何かを言おうものなら、声が掠れているだろう。
涙が、目尻に溜まった。
「べっつに、雨なら野球できないんだから、よくなーい?」
わざとらしく大きい声が、廊下から飛んできた。
声のほうに振り返る。一ノ瀬が、頭の後ろで手を組みながら、こちらへ歩いてきていた。
「そもそも室内練好きなやつなんて、いないだろ」
四季も一緒だ。外部から入学してきた高入の一ノ瀬はともかく、中学もこの学校の野球部だった四季は、相手が先輩だと認識した上でタメ口をきいている。一ノ瀬も四季も、目が笑っていない。
二人が先輩たちを睨みつけると、先輩たちは「……フン」と鼻を鳴らしてどこかへと去って行った。
入れ替わるように一ノ瀬と四季が寄ってくる。
「大丈夫? あの人たちが中学の時いじめてきたっていう先輩? ブサイクだったね」
可愛らしい見た目とは正反対の一ノ瀬の言葉に、「顔は関係ないだろ」と思わず笑みが溢れた。徐々に動悸も治まっていく。
「ごめん、ありがとう……、俺、二人のこと避けちゃったのに……」
「避けたって何……、あぁ、昨日廊下ですれ違ったやつか」
四季が思い出すように目線を上にやる。
俺がもう一度謝罪の言葉を口にするより、四季が喋り出すほうが早かった。
「いや、避けたっていうか、めちゃくちゃしんどそうだったじゃん。『人と話す余裕ありません』って顔に書いてあったぜ。

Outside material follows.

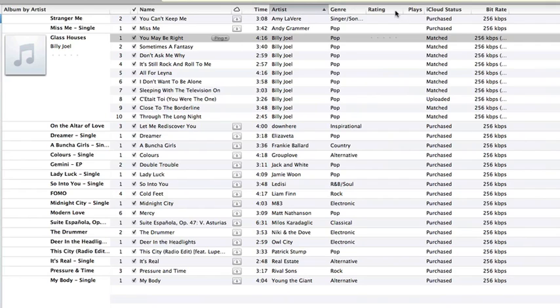This will also work the same way with iOS devices which we'll get into later in the video. Additionally, I've got the iCloud status here so we can take a look. You'll see that these songs here are my purchased songs. But I've also got my Billy Joel CD which has been matched.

そんなやつに挨拶されなかったからって、なんとも思わねーよ」
「馬鹿だな」と笑いかけられて、俺は今まで堪えていた涙が溢れ出てしまった。
袖で拭いても、止まらない。
「もー、泣かないでよー、僕たちがいじめたみたいじゃーん」
背の低い一ノ瀬が背伸びをして、頭をよしよしと撫でてくる。四季は紺色のハンカチを取り出して、俺の顔面を雑に拭った。
「お前さ、辛いなら辛いって言っていいんだからな」
優しい。
二人とも、優しすぎる。
俺は「ごめん」と繰り返すことしかできない。
「室内練出られなくて悪いと思うなら、野球できる日にプレーで活躍してくれよな」
四季の言葉に「名案!」と、投手の一ノ瀬が顔を輝かせた。
「そーそー! ピッチャーに楽させてねー」
……そうか、雨の日に動けないなら、晴れた日に、野球で貢献すればいいのか。
――それで、いいのか。
「ありがとう、一ノ瀬、四季」
涙でぐしゃぐしゃの顔で笑うと、二人とも笑い返してくれた。
その日から、雨の日に罪悪感を抱くことはなくなった。
体がしんどいのは変わらないけれど。
――辛い時は休んで、元気な時に、恩返しをしよう。
もっと頑張ろうと、心に誓う。
こんな俺でも待っていてくれる、軟式野球部のみんなのために。